W dniu 19.09.2017 o 19:41, Russ Allbery pisze:
> Rafal Pietrak <ra...@ztk-rp.eu> writes:
> 
>> I did attempt that, but without success.
> 
>> When I swapped krb5 entry with unix entry in common-password, nothing
>> changes. When I did that in common-auth I've go "bad password" response
>> from sudo command.
> 
> You want common-auth, not common-password.
> 
> Are you sure that you're using the password in the local system
> /etc/shadow and that you've set the pam_unix module as sufficient so that
> pam_krb5 doesn't run if it succeeds?  You want something like:

Yes I am. That was the initial configuration of the notebook.

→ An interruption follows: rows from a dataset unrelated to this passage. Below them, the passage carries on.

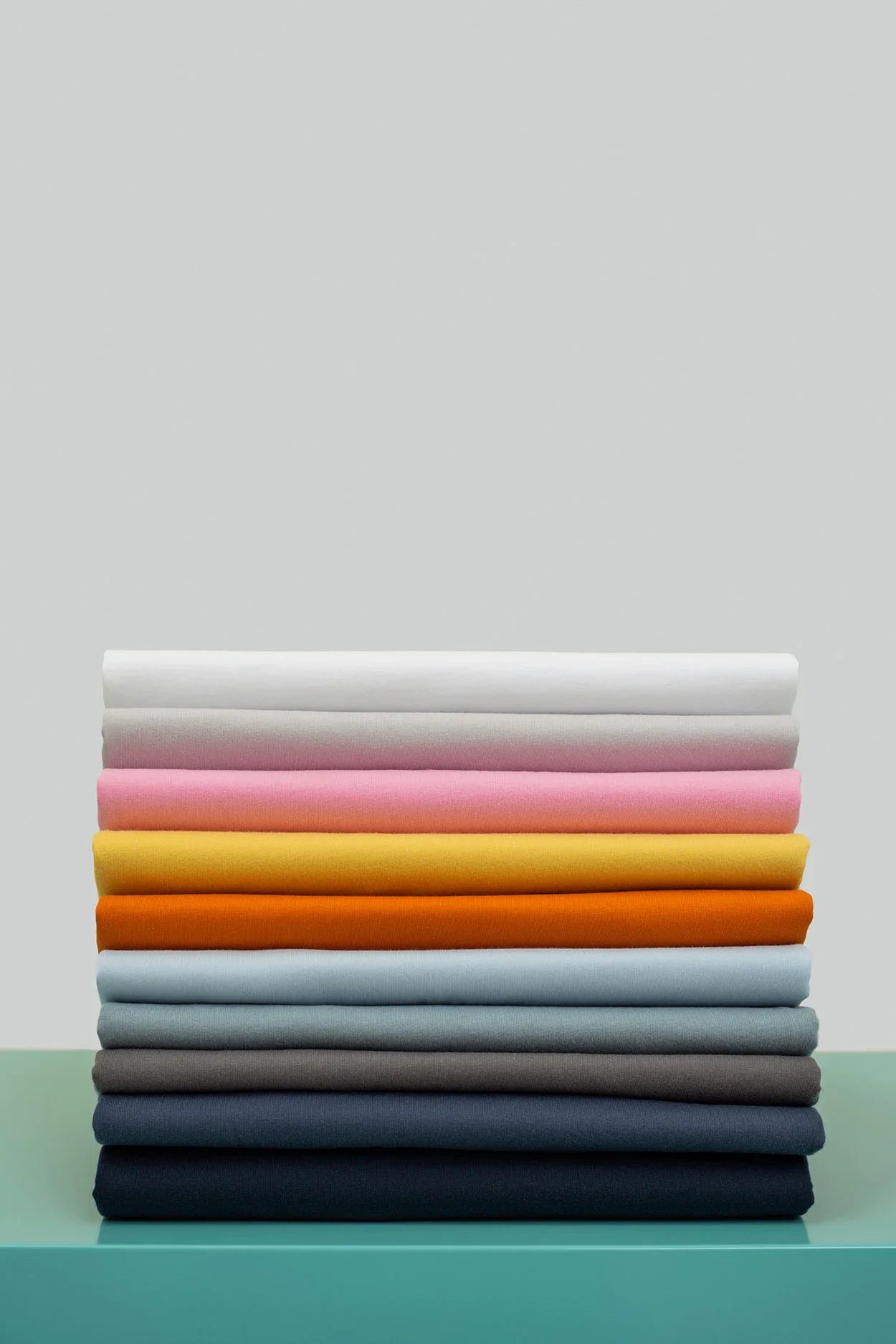 COLORFUL STANDARD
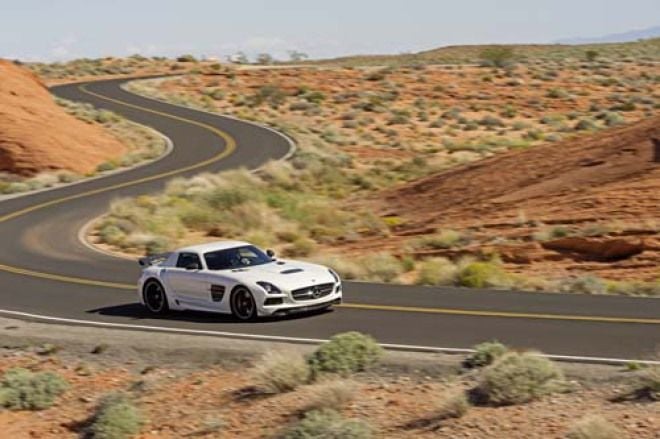 樹立品牌權威45 Years of Legendary Mercedes-AMG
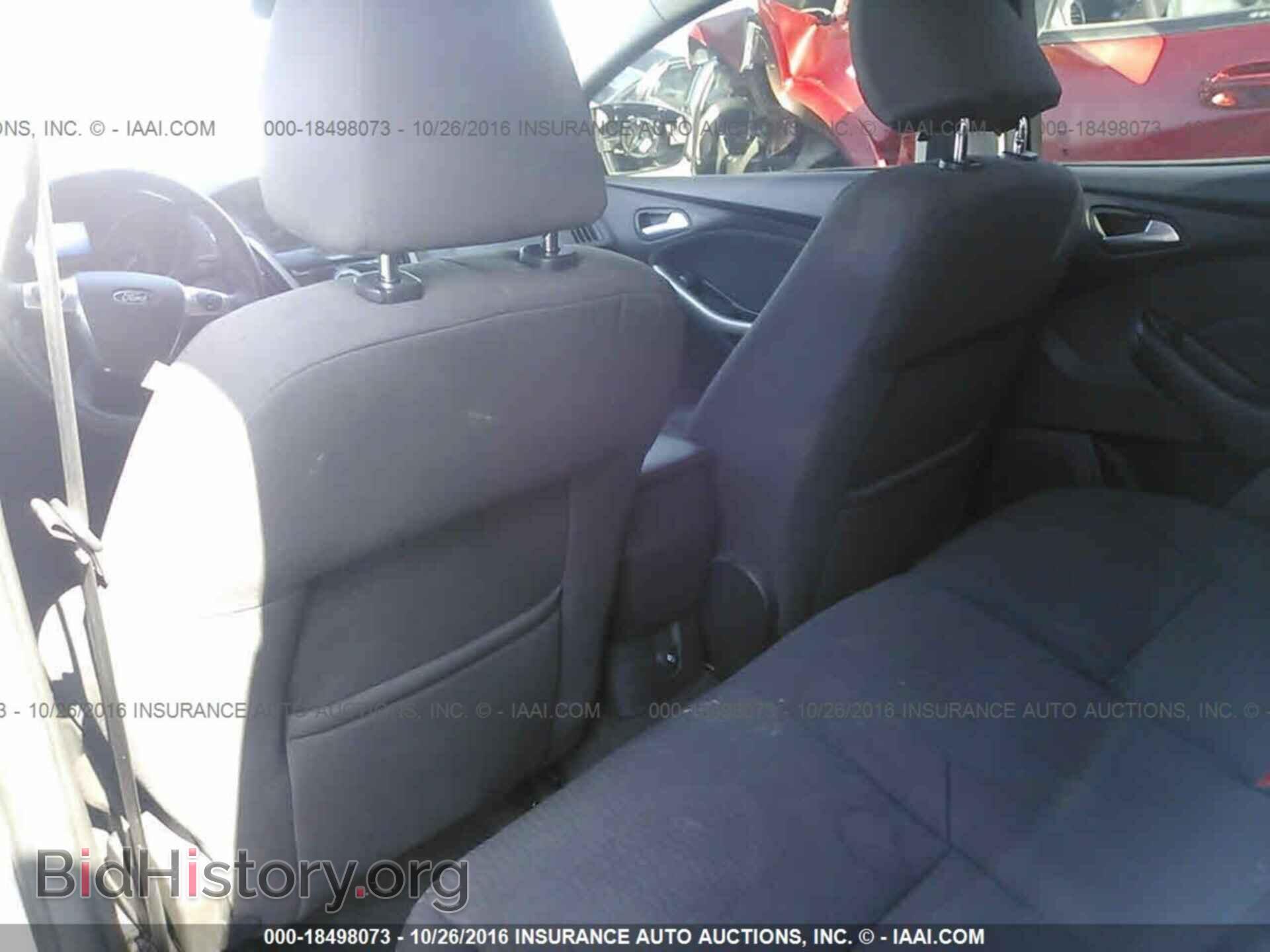2012 Ford Focus - VIN: 1FAHP3M22CL410237 - Photo 8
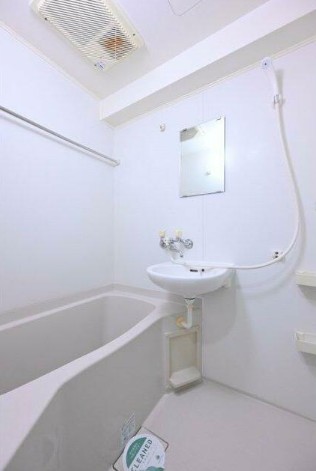 バス・シャワールーム　※こちらの写真は他部屋になり参考写真です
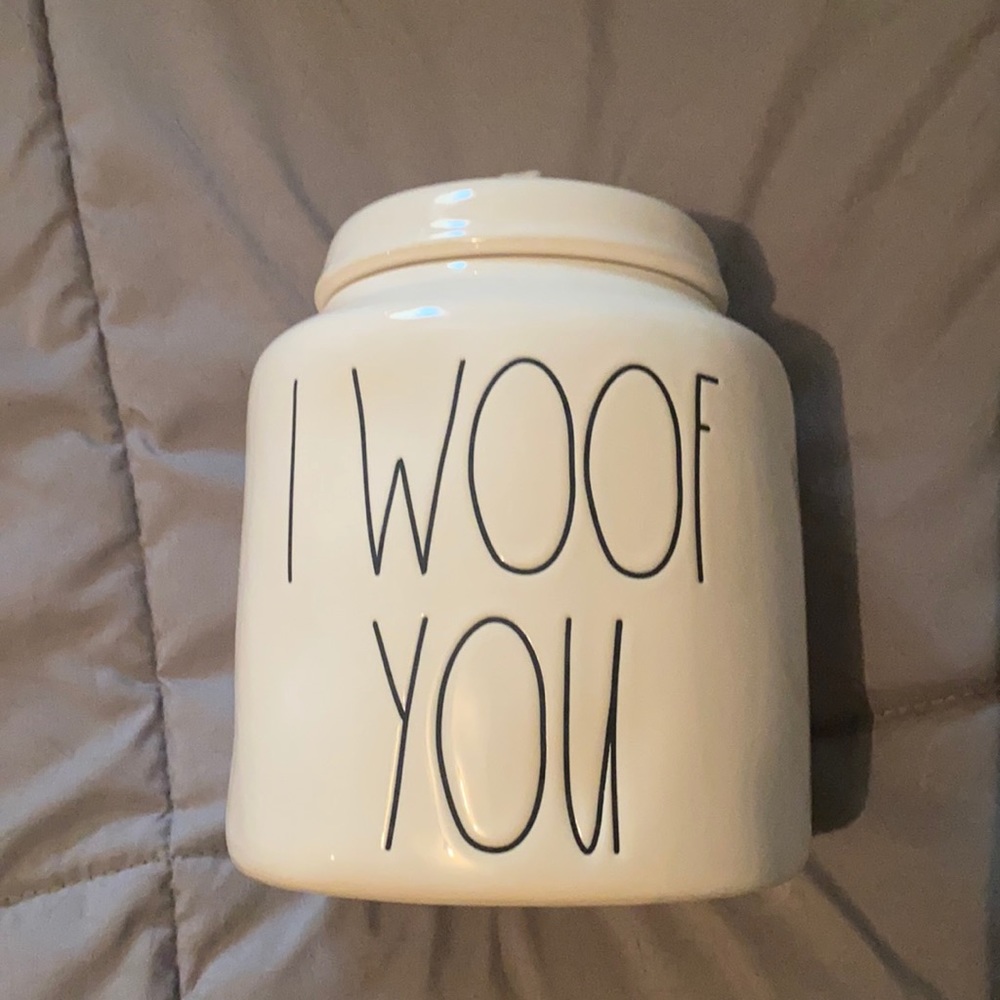 Rae Dunn canister
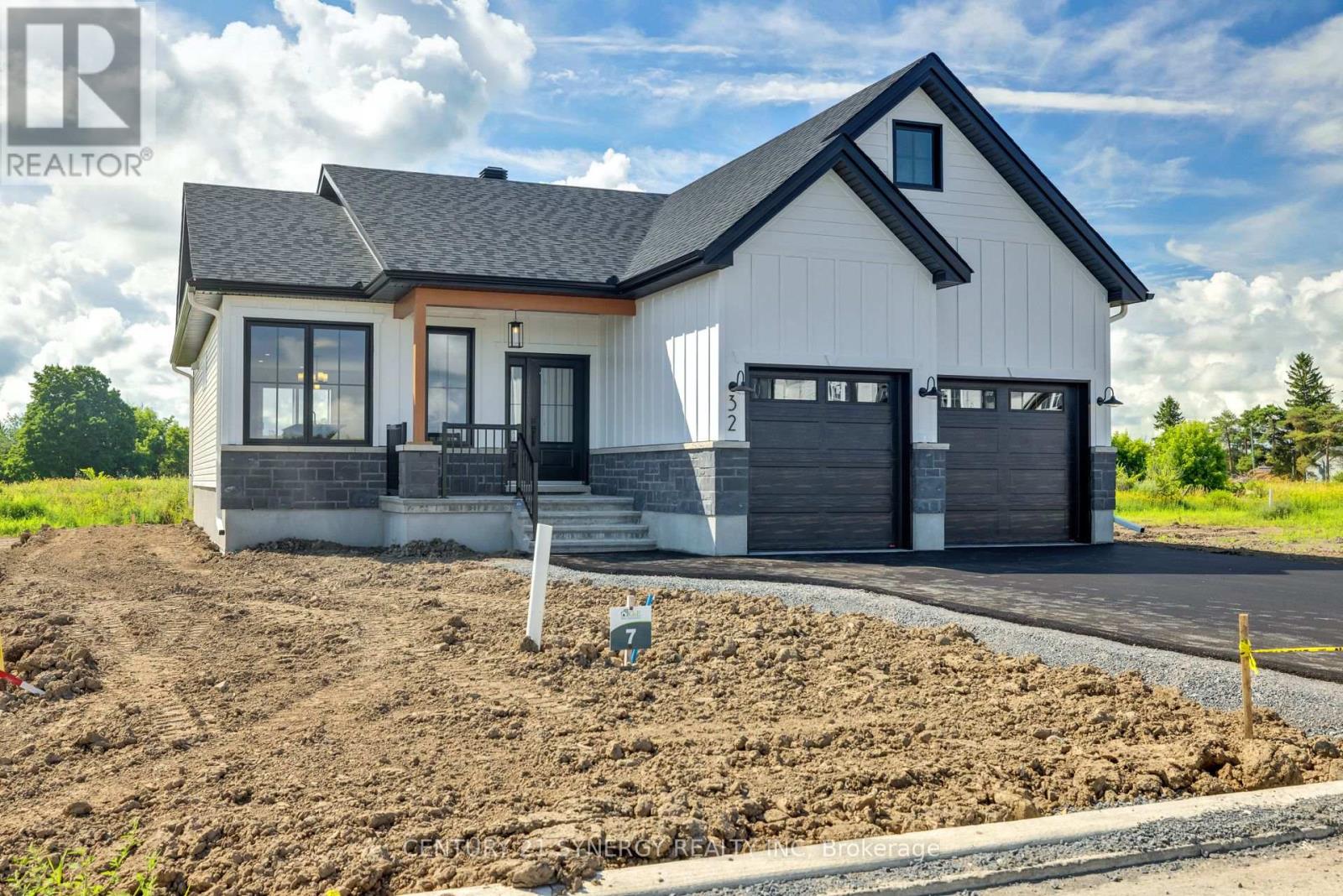 64 Helen Street, North Stormont, Ontario  K0A 1R0 - Photo 2 - X10418696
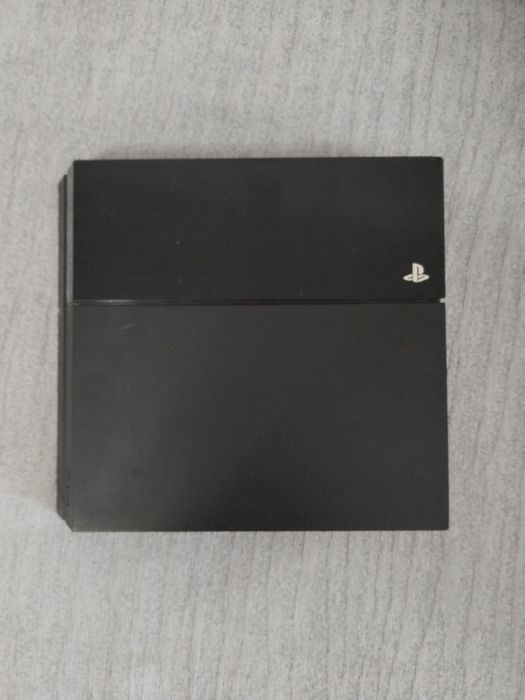 Playstation 4 в нормальном состояний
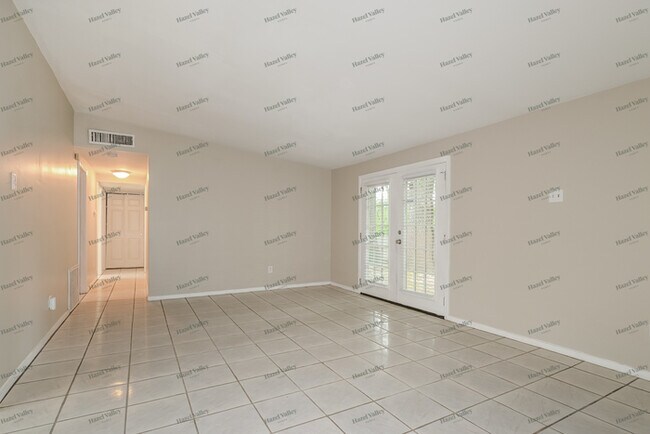 Foto del edificio - 8318 Sagewood Ln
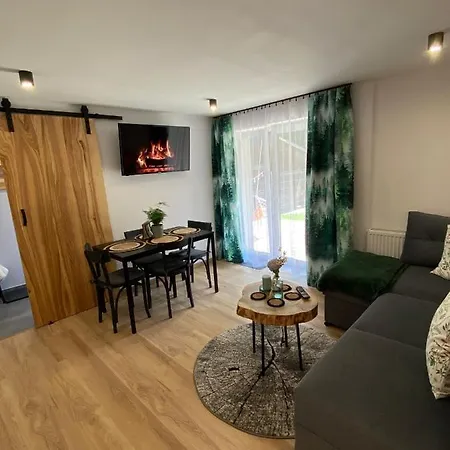 U Gazdy - Z Sauną , Jacuzzy, Ogrodem I Tarasem - Przy Gondoli Apartament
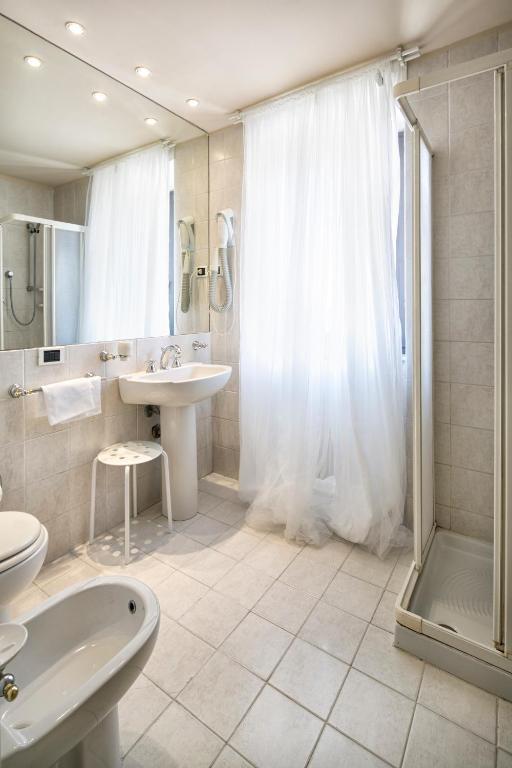 מונטפאלקו Hotel Degli Affreschi חדר תמונה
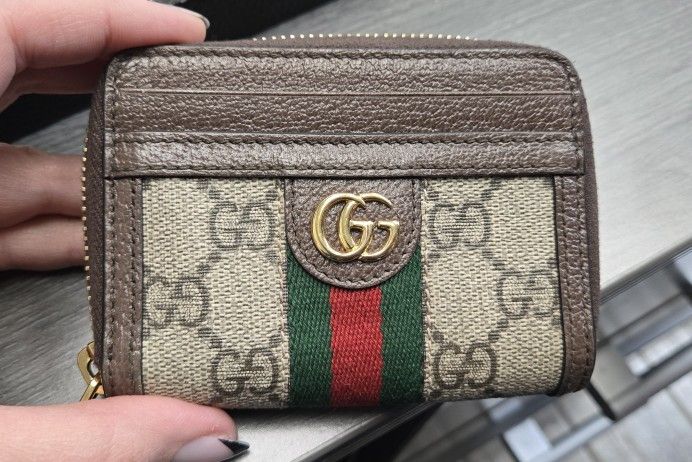 EXCELLENT condition Authentic Gucci Wallet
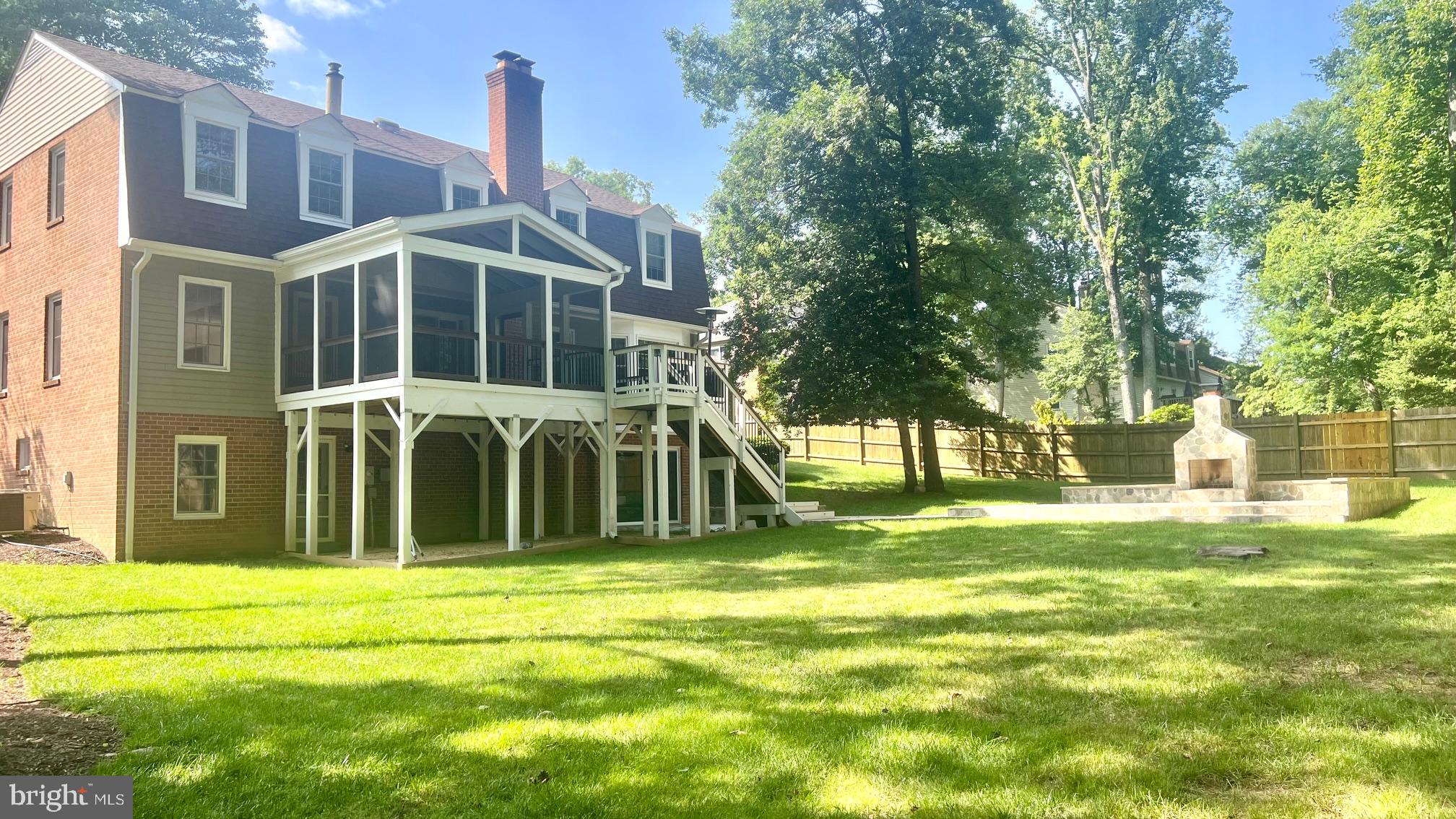 FOX MILL WOODS - Residential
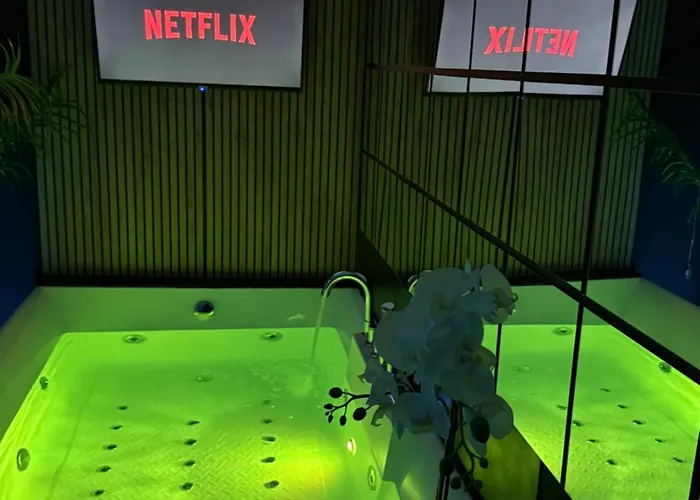 Ama Esclusive Madama בית נופש פררה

I've added
kerberos later to be able to access ActiveDirectory domain resources at
work.

> 
> auth  sufficient   pam_unix.so
> auth  required     pam_krb5.so try_first_pass minimum_uid=1000

I have this (default on debian-9 .. I haven't touched it before):
auth    [success=2 default=ignore]      pam_krb5.so minimum_uid=1000
auth    [success=1 default=ignore]      pam_unix.so nullok_secure try_first_pass

which I've temporarily swapped ... and in consequence got the "bad
password" result. Apparently I haven't changed everything that's
necesary for it to work ... but I don't know what exactly.

[-----------------]
> 
> Unless carefully configured to not be the default authentication option,
> and honestly even then, a Kerberos PAM module is not a good configuration
> for systems that have spotty network connectivity.  Have you considered
> removing the PAM module entirely, using local system authentication, and
> running kinit when you want Kerberos tickets?  That's what I do.

OK. This should be quite fine. If timeouts are gone, I think I can live
with that.

... and may be exactly this should be suggested as a warning during
libpam installation? Like accompained by an advice to install sssd instead?